Nearer the lower regions of the mantle, the asthenosphere is a thick, tough, sludge like liquid with
temperatures around 5,000F. It is in this middle region of the mantle that the greatest difference in
temperature occurs within the Earth. The simple fact that there is nearly a 3,000F change from the top of
the asthenosphere to the bottom causes the formation of convection currents. Convection currents occur in
areas of the asthenosphere where the cooler, more dense mantel material sinks to the lower regions of the
asthenosphere where it is heated up. Once heated, the material becomes less dense and rises up to the lower
regions of the mantle where it cools and...
The upper mantle is referred to as the lithosphere. Though the lithosphere is made up of the same material
as the asthenosphere it is more rigid (more solid) due to the lower temperatures. This layer is associated with
the Earth’s crust and together they make up large pieces called lithospheric plates. These plates move
around, crashing into each other causing earthquakes and volcanoes. The convection currents generated in
the asthenosphere slowly, yet forcefully, interact with the solid, sticky lithospheric plates to move them.
Essentially, the lithospheric plates are gliding around on a sea of churning asthenosphere.
The Outer Core
As you move ever deeper into the center of the Earth, the conditions continue to become more and more
extreme. The outer core begins at around 1,800 miles (2,890 km) deep and continues until it reaches the
inner core at nearly 3,200 miles (5,150 km). With an ever-increasing amount of pressure from the material
above, the outer core’s density is around 11 g/cm³, nearly four times as dense as the granite that makes up
the continental crust miles above. Temperatures here soar as well, ranging from 7,200 – 9,000F (40005000C). The outer core is so hot that the iron and nickel that make up the material there remain in a molten,
liquid state. As in the asthenosphere the difference in temperature from the mantle boundary to the inner
core boundary cause convection currents to form in the outer core.
The Inner Core
By way of contrast, the inner core is under so much more pressure than the outer core that the density of the
iron and nickel material can be as high as 15 g/cm³. At these pressures, even though the temperature reaches
9,000 – 11,000F (5000-6000C), the inner core remains a solid ball. The convection currents in the outer core
rotate the solid inner core and it is that motion that creates
magnetism, which, in turn, creates the occurrence of the north and
south poles. At depths between 3,200 – 4,000 miles (5,150-6,370 km)

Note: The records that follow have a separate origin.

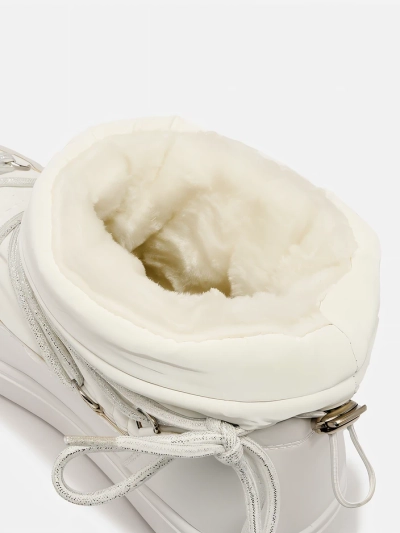 Royalfashion Cizme de damă slip-on a'la cizme de zăpadă în alb Vevnose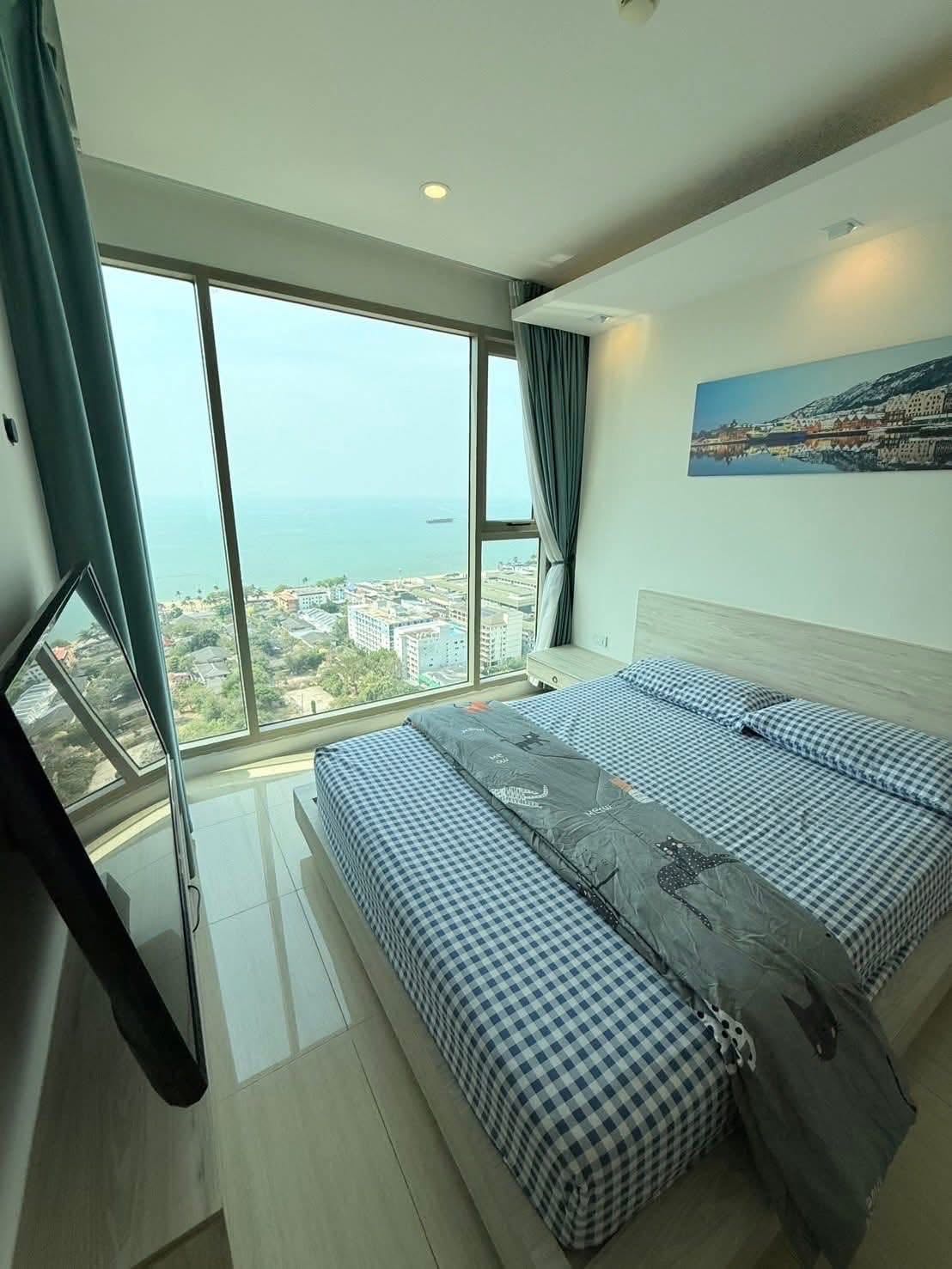 里维埃拉乔木提恩公寓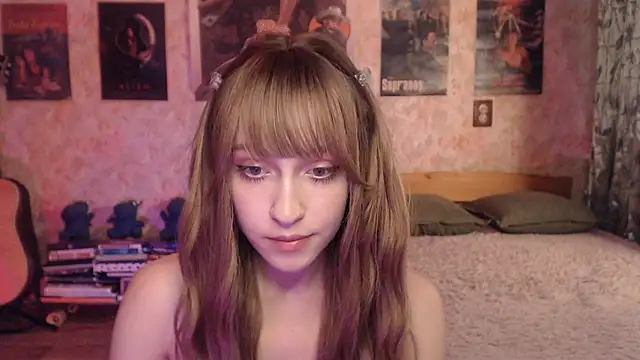 Friendly_Ellie webcam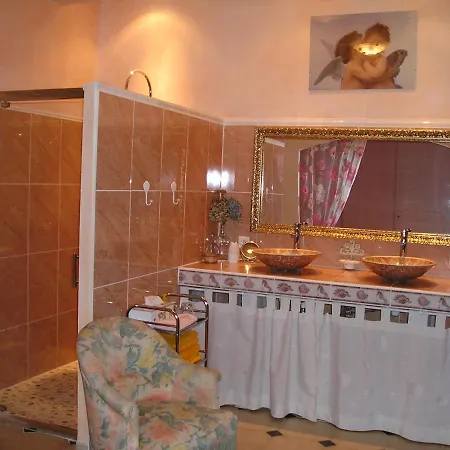 Les Bruyeres D'hote De Charme Calme Assure Bed & Breakfast 3*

below the earth's surface we can only guess what the conditions are
really like. We use the seismic waves generated by earthquakes to
determine the temperatures and densities of the different layers of the
Earth’s interior. Seismic waves travel at different speeds through
different densities of material. A few simple calculations using arrival
times of these seismic waves from an earthquake on the other side of
the planet gives us a pretty good idea about the densities and
temperatures of the different layers.